Procès pour harcèlement sexuel contre l’artiste Jan Fabre : "Ça a ouvert le débat"

Ce mardi débute à Anvers le procès de l’artiste contemporain belge Jan Fabre. Il est poursuivi par douze danseuses de sa compagnie pour "harcèlement sexuel" et "attentat à la pudeur".

En 2018, Benjamin, danseur vivant à Bruxelles, expliquait au micro de Françoise Baré le climat de domination qui pouvait régner au sein du milieu de la chorégraphie : "Ce n’est pas un rapport de sexualité, c’est d’abord un rapport de pouvoir. Il n’y a pas les méchants hommes qui veulent habiller les femmes, c’est dans les deux cas, hommes et hommes, hommes et femmes. Moi, j’ai des expériences difficiles et je me suis senti très mal à l’aise […] C’est parfois, pour un danseur, être poussé aux limites de l’épuisement, frontalement et sans ménagement, puisque l’idée est encore trop souvent répandue que le maître, le chorégraphe, doit faire souffrir pour extirper le meilleur d’un danseur".

Suite à ces plaintes, les chorégraphes s’étaient engagés à faire bouger les lignes. Qu’en est-il en 2021 ? Cathy Min Jung, directrice du théâtre Le Rideau à Bruxelles, était invitée sur La Première pour faire le point.

C’est clair que le domaine de l’art est un métier où il est question de désir

"L’affaire Jan Fabre n’est pas un cas isolé, note-t-elle. Après, de là à dire que ce sont des pratiques courantes, c’est peut-être un peu trop. Mais ce sont des choses qui ont toujours existé et qui existent encore, et la différence est qu’aujourd’hui, elles ne sont plus laissées sous silence, on les met en lumière, on en parle et c’est une bonne chose".
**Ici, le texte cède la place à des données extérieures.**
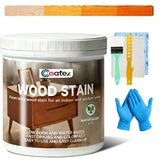 COATEZ Wood Stain, 16 Fl Oz Water Based Wood Stain and Sealer in One - No Top Coat Required, No Priming, Low Odor|Non-Toxic|Fast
"C’est toujours lié au pouvoir, c’est toujours lié à la confusion entre pouvoir et séduction. C’est toujours lié à des questions comme ça. C’est clair que le domaine de l’art est un métier où il est question de désir, où il faut éprouver du désir artistique et ça peut être souvent confondu avec la notion de désir sexuel. Et ça se mélange avec tous ces rapports au pouvoir".

Des mesures ont-elles été prises ? "Des mesures vraiment concrètes, je n’en ai pas eu vent, mais par contre, il y a quelque chose qui est né au sein du secteur et qui est très intéressant, c’est que ça ouvre le débat. Il y a des groupes de soutien, il y a des endroits où l’on peut déposer sa parole et ses témoignages, où on peut être entendu, et il y a différents collectifs qui ont mis en œuvre la possibilité d’accompagner des victimes, que ce soit au niveau psychologique, à l’endroit du dépôt de la parole et du témoignage, mais aussi dans l’accompagnement juridique pour que ces personnes ne se retrouvent pas seules et isolées et soient entourées pour se défendre".

Ce ne sont pas ses actes qui vont effacer son œuvre artistique

Un spectacle de Jan Fabre a été annulé à Charleroi et l’une de ses statues a été déboulonnée à Anvers. "Son œuvre est gigantesque, elle est célèbre et elle a marqué l’histoire de l’art belge, remarque Cathy Min Jung. Ce ne sont pas ses actes qui vont effacer son œuvre artistique".

Pour autant, elle ne se verrait pas travailler avec lui. "Sans avoir comme critère le boycott d’un artiste ou d’une artiste dont je n’apprécie pas les comportements, en amont de cela, il n’y a pas chez moi le désir de collaboration, puisque travailler avec un artiste, c’est collaborer. Et le choix de mes collaborateurs n’irait pas vers des personnes qui ont des mauvaises pratiques en termes de gouvernance".